**Dataset:**
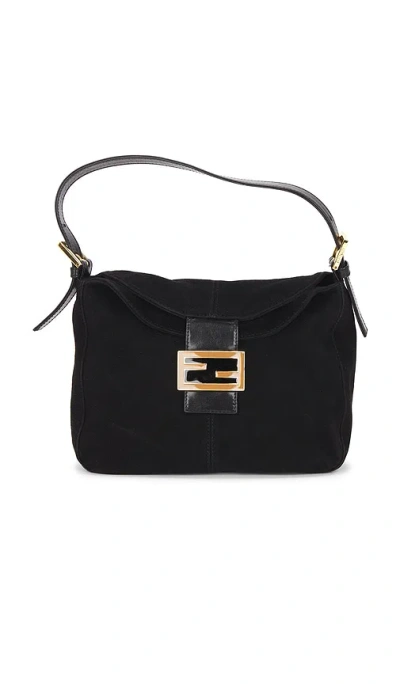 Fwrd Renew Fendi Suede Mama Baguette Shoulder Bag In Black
...
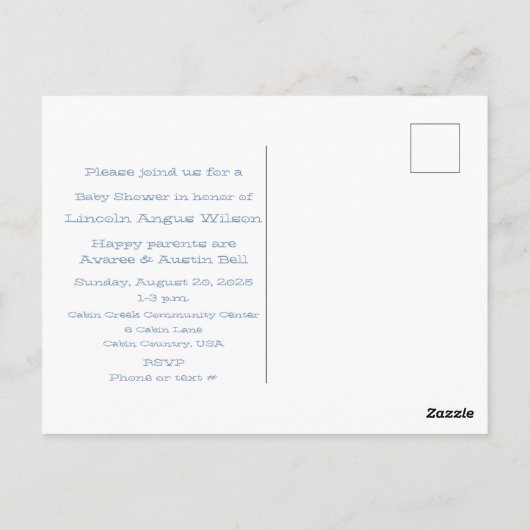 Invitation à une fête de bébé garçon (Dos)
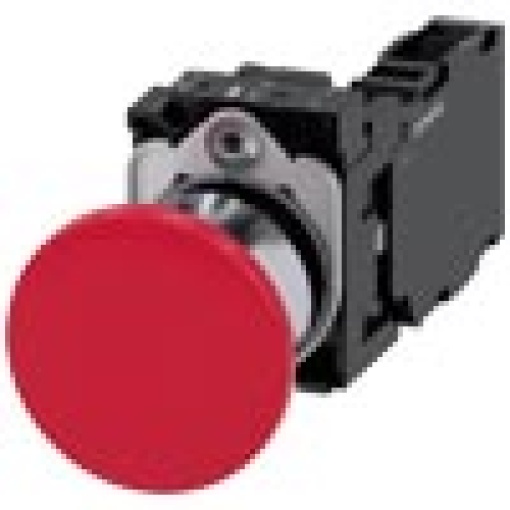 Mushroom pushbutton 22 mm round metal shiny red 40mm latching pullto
--
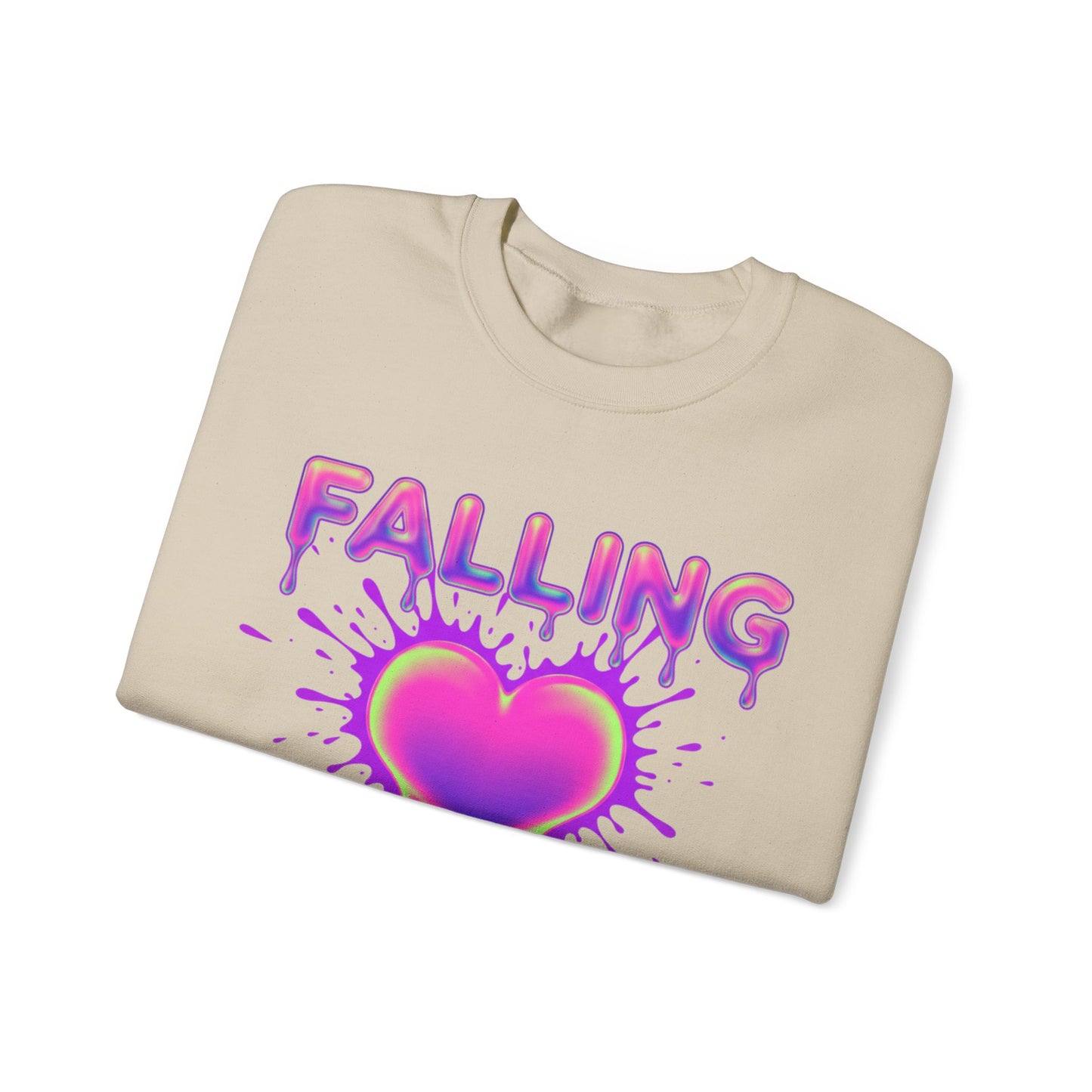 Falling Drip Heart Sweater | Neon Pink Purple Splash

**Task brief:** Output only the lines above from the one containing "Invitation à une fête de bébé garçon (Dos)" to the one containing "Mushroom pushbutton 22", both included, exactly as written and with no pictures.

**Response area:**
 Invitation à une fête de bébé garçon (Dos)
 Mushroom pushbutton 22 mm round metal shiny red 40mm latching pullto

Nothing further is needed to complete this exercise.